When Orr-Ewing started her research at the Sir William Dunn School of Pathology Georges Dreyer was the professor of pathology. She worked with and co-authored publications with both Dreyer and Professor Peters of the Oxford Department of Biochemistry.

After Dreyer's retirement Howard Florey became the director in 1935. Orr-Ewing and A. D. Gardner were the only scientists from Dryer's team who continued after Florey took over as Dreyer's successor. They both worked with Florey and Chain on the isolation and purification of penicillin, work for which Florey and Chain became Nobel Prize winners. Orr-Ewing's and Gardner's roles involved investigating how newly isolated penicillin reacted with other organisms, and "making a thorough study of the principal pathogenic bacteria and their sensitivity to penicllin". "It was they who, on observing the growth of the sensitive bacteria in the presence of penicillin, came to the conclusion that it did not act like an antiseptic or an enzyme, but rather, as a blocker of the normal process of cell division". Orr-Ewing was co-author on the team's first key publication on the use of penicillin for the treatment of bacterial infection.

Orr-Ewing is one of the ten names inscribed on the memorial plinth commemorating the scientists who worked on the medical applications of penicillin, which was erected in 1953 in the Rose Garden outside the entrance to the University of Oxford Botanic Garden.

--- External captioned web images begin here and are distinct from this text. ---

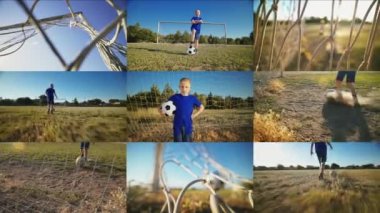 Boy Footballer. The Child Runs With The Ball On The Football Field And Scores Into The Goal. Sport Concept Healthy Lifestyle. Split Screen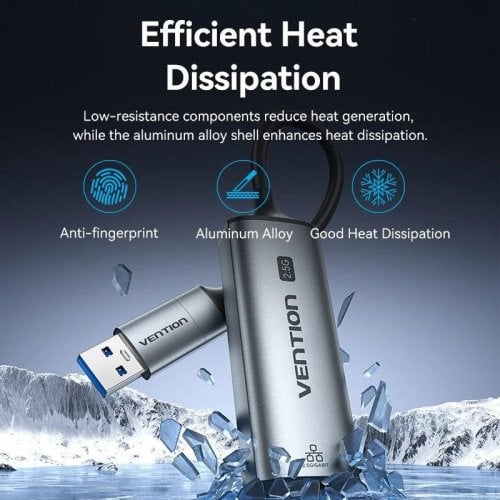 Сетевая карта Vention USB/USB 3.1 Type-C to 2.5Gb Ethernet (CFUHB) Grey купить в Украине | Telemart фото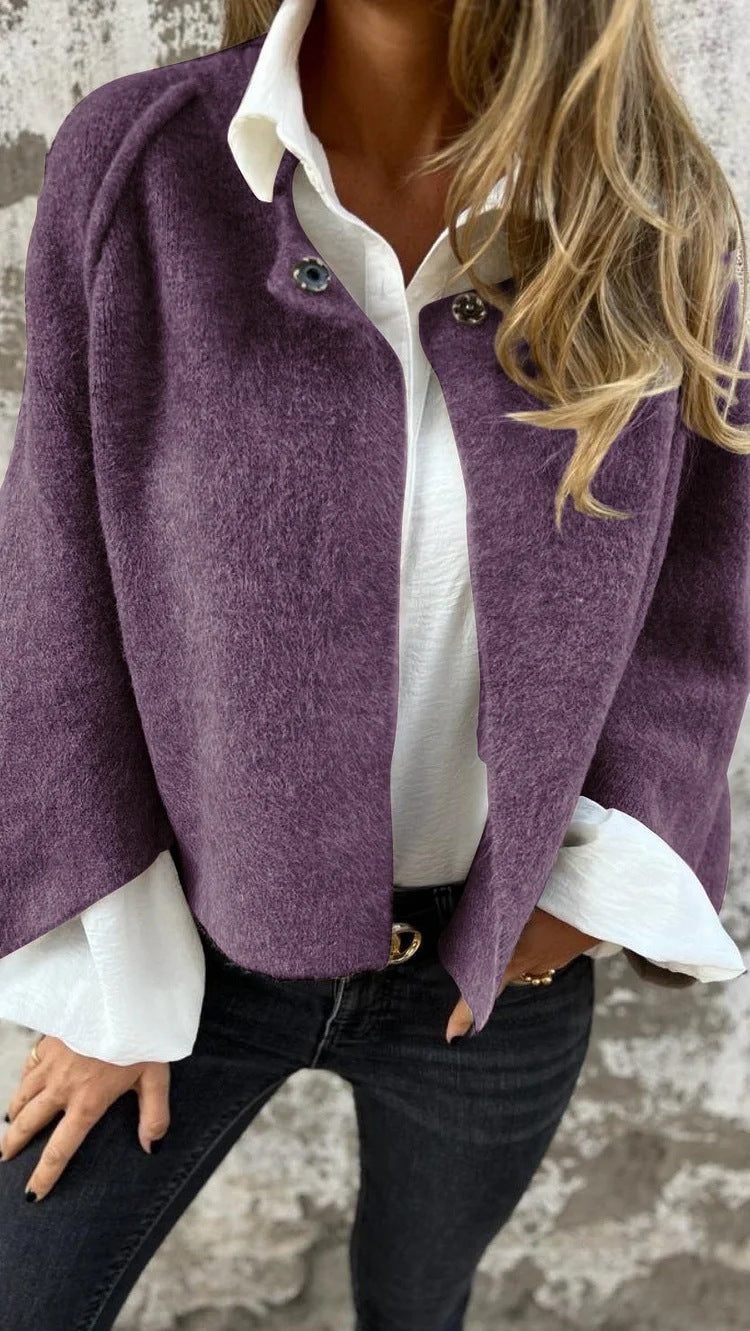 Damen Kaschmir Cardigan mit Fledermausärmeln – Lockerer Kurzmantel für Herbst &amp; Winter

A diphtherial infection which she accidentally sustained whilst working on diphtheria bacilli, left her with a slight permanent weakness of the heart.

==Mountaineering==
Orr-Ewing was "a great climber of Swiss mountains and Lakeland rocks". She was instrumental in founding the Oxford University Women's Mountaineering Club in the early 1920s and she was the organising leader of the Oxford University Women's Iceland Expedition in 1934.

She later joined the Pinnacle Club and continued climbing into the 1930s, in Corsica and in Switzerland. She was elected as a fellow of the Royal Geographical Society in 1938.